Bloco Central

Nada como revisitar a história para destruir tabus. Soares e Mota Pinto foram determinantes para sermos hoje um país europeu

Em cinquenta anos só por uma vez os dois partidos que alternam no governo se uniram para conduzir os destinos do país. Foi em 1983 que Mário Soares, Secretário-Geral do Partido Socialista e Carlos Mota Pinto, líder do PSD. Os socialistas tinham ganho as eleições com 36% dos votos contra a AD que tinha governado até então com maioria absoluta. Soares não quis formar um governo minoritário e colocou a questão ao partido, pedindo que a discussão decorresse ‘sem sectarismos nem tabus ideológicos’.

Na altura, socialistas e sociais-democratas negociaram durante cinco semanas os termos de um entendimento de governo. O Bloco Central deixou os extremos de então, PCP e CDS, de cabelos em pé. O governo durou dois anos e meio, conduziu Portugal à entrada em pleno na então CEE e, longe das opiniões mais acaloradas da altura, muitos consideram que foi um dos melhores governos do pós-25 de Abril. Depois da experiência o PSD ganhou as eleições seguintes e passado pouco tempo foi o primeiro partido a conseguir uma maioria absoluta que viria a repetir mais duas vezes.

Passados trinta anos e com um cenário político pulverizado como nunca, muitas vozes voltam a falar de entendimentos entre os dois partidos do centro. Todos fogem de utilizar o nome da coligação da época. A sigla Bloco Central queima, mas se olharmos para os factos do passado ‘sem sectarismos nem tabus ideológicos’, como pediu Mário Soares, percebemos facilmente que aquela foi uma experiência determinante para a consolidação da nossa democracia. Constatamos também, ao contrário da ideia que é constantemente apregoada a propósito de entendimentos entre PS e PSD, que o Bloco Central não só não enfraqueceu os partidos do centro em favor dos extremos, como os fortaleceu.

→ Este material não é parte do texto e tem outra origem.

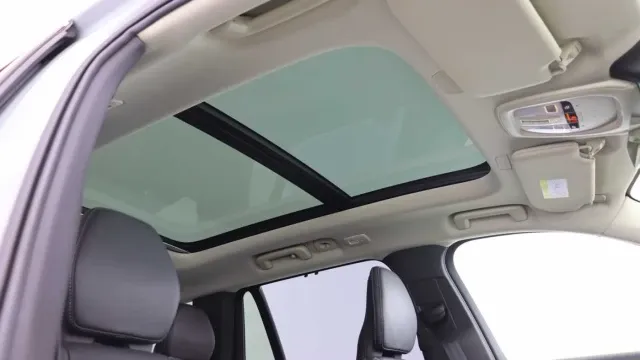 Vehicle Thumbnail 7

Mas como uma falsidade muitas vezes repetida se torna verdade, o Bloco Central ganhou lepra e a sua simples menção arrepia os pelos de socialistas e sociais-democratas. Apesar dos factos, também eu me arrepio com a ideia e sem dúvida preferia ver o PSD coligado com a Iniciativa Liberal no governo depois das eleições de 18 de maio. Como tenho melhores recordações do governo da AD de Sá Carneiro e Freitas do Amaral, do que do Bloco Central de Soares e Mota Pinto. Mas foi com o Bloco Central que entrámos na comunidade europeia e foi com um entendimento entre Guterres e Marcelo Rebelo de Sousa que aderimos ao euro. Só por isso devíamos concluir que, ao contrário do que proclama André Ventura, não foram 50 anos de corrupção e compadrio, sobretudo quando PS e PSD se deixaram de tabus e se entenderam a bem do país.

Os tempos não estão para birras. O último governo não chegou a durar um ano e se as eleições trouxerem um resultado semelhante ao de 2024, não é aceitável que num tempo de incerteza como o que estamos a viver os dois partidos do centro continuem a viver de costas voltadas. Se olharmos para o que acontece em muitos dos países nossos parceiros europeus, por sinal os mais desenvolvidos, verificamos que quando não há alternativas razoáveis, os partidos do centro comprometem-se na governação. Aconteceu e está para acontecer na Alemanha e não foi por isso que CDU ou SPD se diluíram, ou desapareceram, ou engrandeceram os extremos.

Se não for assim, PS ou PSD acabarão por cair em poucos meses. Ou o PSD entrega-se nas mãos do Chega com um líder que não foi a votos e com uma legitimidade diminuída.